13

B-tree is a data structure, which looks like this:

enter image description here

If I want to look for some specific value in this structure, I need to go through several elements in root to find the right child-node. The I need to go through several elements in the child-node to find its right child-node etc.

The point is, when I have $n$ elements in every node, then I have to go through all of them in the worst case. So, we have $O(n)$ complexity for searching in one node.

Then, we must go through all the levels of the structure, and they're $log_m N$ of them, $m$ being the order of B-tree and $N$ the number of all elements in the tree. So here, we have $O(log N)$ complexity in the worst case.

Putting these information together, we should have $O(n) * O(log n) = O(n * log n)$ complexity.

But the complexity is just $O(log n)$ - why? What am I doing wrong?

Raphael
  • 73,212
  • 30
  • 182
  • 400
Eenoku
  • 252
  • 1
  • 2
  • 10

5 Answers5

13

You have introduced $n$ and $m$ as the order of B-tree, I will stick to $m$.

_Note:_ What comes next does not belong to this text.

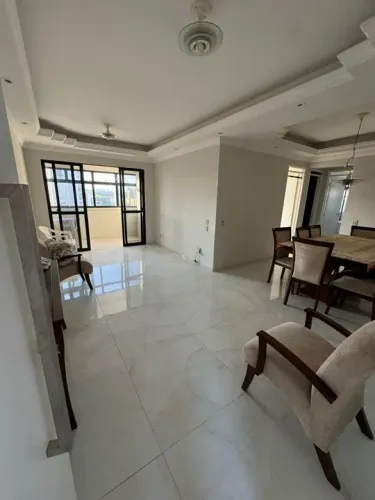 110m2 2vgs próx Mercadão liga 9 8 7 4 8 3 1 0 8 Diego9989f oportunidade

Their height will be in the best case $\lceil log_m(N + 1) \rceil$, and the worst case is height $\lceil log_{\frac{m}{2}}(N)\rceil$ but there is also a saturation factor $d$, that you have not mentioned.
The height will be $O(log N)$, please notice that $m$ disappeared, because it effectively is multiplication by a constant.
Now at every node you have at most $m$ sorted elements, so you can perform binary search giving $log_2(m)$, so the proper complexity is $O(log(N) * log(m))$.
Since $m << N$, and what is more important, is that it does not depend on $N$, so it should not be mixed, or it might be given explicitly (with $m$ not $N$ or appearing $n$).

KLD
  • 103
  • 3
Evil
  • 9,525
  • 11
  • 32
  • 53
2

The point is, when I have n elements in every node, then I have to go through all of them in the worst case. So, we have O(n) complexity for searching in one node.

No. You would do a binary search in the node, so the complexity of searching in a node is $O(log n)$, not $O(n)$.

TilmannZ
  • 764
  • 4
  • 6
2

Considering this as an order $m$ B-Tree, whether or not you take $m$ to be a constant, worst case search takes $\Theta(\lg N)$ total comparisons ($N$ values total). As is stated in another answer (as a newbie, I cannot comment on it yet), the height of the tree is about $\log_m N = (\lg N)/(\lg m)$. Especially if you are taking $m$ to be variable, it is assumed that you will have a logarithmic search per node, order $O(\lg m)$. Multiplying those terms, $\log_m N \cdot \lg m = ((\lg N) / (\lg m)) \cdot \lg m = \lg N$, you don't have to drop the $\lg m$ term using big-O, they really do cancel.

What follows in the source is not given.